No es que de repente, se hubiesen vuelto tan gentiles y despreocupados como para renunciar a un salario y los placeres de gastarlo en la cosmopolita ciudad. Sabían que si perdían esa batalla y el enemigo flanqueaba los límites de las defensas, que durante tantos años habían servido para ampararla, de nada les serviría cobrarla. Todos morirían sin excepción y no sería de forma agradable, debían por tanto dar lo mejor de sí mismos y obligarse a vencer a toda costa.

-¿Dónde está esa maldita hechicera? –aulló el capitán de la compañía de los Manos Prestas, una de las muchas que luchaban junto a la guarnición de la ciudad, mientras miraba a su alrededor.

-¿Se refiere a la morena maciza? –el soldado y viejo conocido del aguerrido mercenario, se rascaba indiferente la oreja disparando una certera saeta. Un buen tiro, un enemigo cayó al suelo para no levantarse. 

-No, bobo. Esa otra estirada de pelo gris, la elfa.
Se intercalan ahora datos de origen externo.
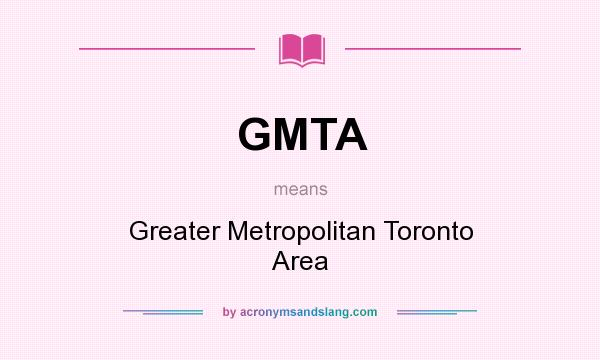 What does GMTA mean? It stands for Greater Metropolitan Toronto Area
Debería estar aquí, para eso accedió a nuestra hermandad, me prometí no perderla de vista –levantó su espada y seccionó un miembro sin ningún miramiento- es una pendona de cuidado. No me fio nada de los elfos.

-Ayer la vi en la taberna del Ciervo Castrado, parecía estar pasándoselo muy bien. Bebía como seis hombres y no le hacía asco a nada que pudiera llevarse a la boca –otra saeta encontró su objetivo y el ballestero sonrió satisfecho.

-Ya te lo he dicho. Un pendón –movió su escudo y golpeó a lo que intentaba escalar el muro, arrojándolo al vacio.

Tuvo un presentimiento a sus espaldas y se volvió dispuesto a utilizar su arma con presteza. Una férrea mano la sujeto con firmeza, impidiéndole cometer una equivocación en su apresurada acción.

-Cuidado, este vulgar hierro sin filo podría hacer daño a alguien –dijo socarrona la mujer elfa, quien desenvainó su espada y demostró saber utilizarla contra quienes escalaban en aquel momento las altas almenas que los separaban del peligro.

-Estúpida elfa, ¿adónde vas con esa ropa de fiesta? –increpó furioso el capitán. Iba engalanada con un vestido que debía costar una fortuna, toda de verde con unos elegantes bordados de oro que contrastaban con la simpleza de los atuendos de los defensores.

-La elegancia no elimina mis artes de luchadora, ni mis habilidades de magia –recalcó con una insolencia que merecía ser contestada– además, no trabajo gratis.

-Eres una insensata o una chalada. El castillo ducal corre un grave peligro, si esta protección cae, la ciudad está perdida. 

La elfa ignoró ese comentario y lo arrastró, evitando que una zarpa enemiga le alcanzase, con gran maestría la mujer de pelo gris partió al contrincante, tirándolo sin dilación muralla abajo. 

-Bueno, tal vez pueda renunciar a una buena paga en oro, pero me gustaría que ambos compartiésemos esta noche -le guiñó un ojo con insólito descaro- muy juntos los dos.

-Yo… yo… -el capitán estaba atónito. La elfa era muy bella y el propósito de su intención estaba claro, pero no lograba sino tartamudear unas míseras palabras.

-Entonces, no hay nada más que hablar, estamos de acuerdo. Se acabó el juego –comentó con inusitada calma la elegante mujer, mientras subía a una de las almenas y desdeñando todos los peligros, miró al frente enemigo. Sus ojos refulgieron como dos nacientes constelaciones esmeraldas y en aquel momento, el máximo oficial de los Manos Prestas supo, sin duda alguna, la jornada acabaría con una victoria a su favor.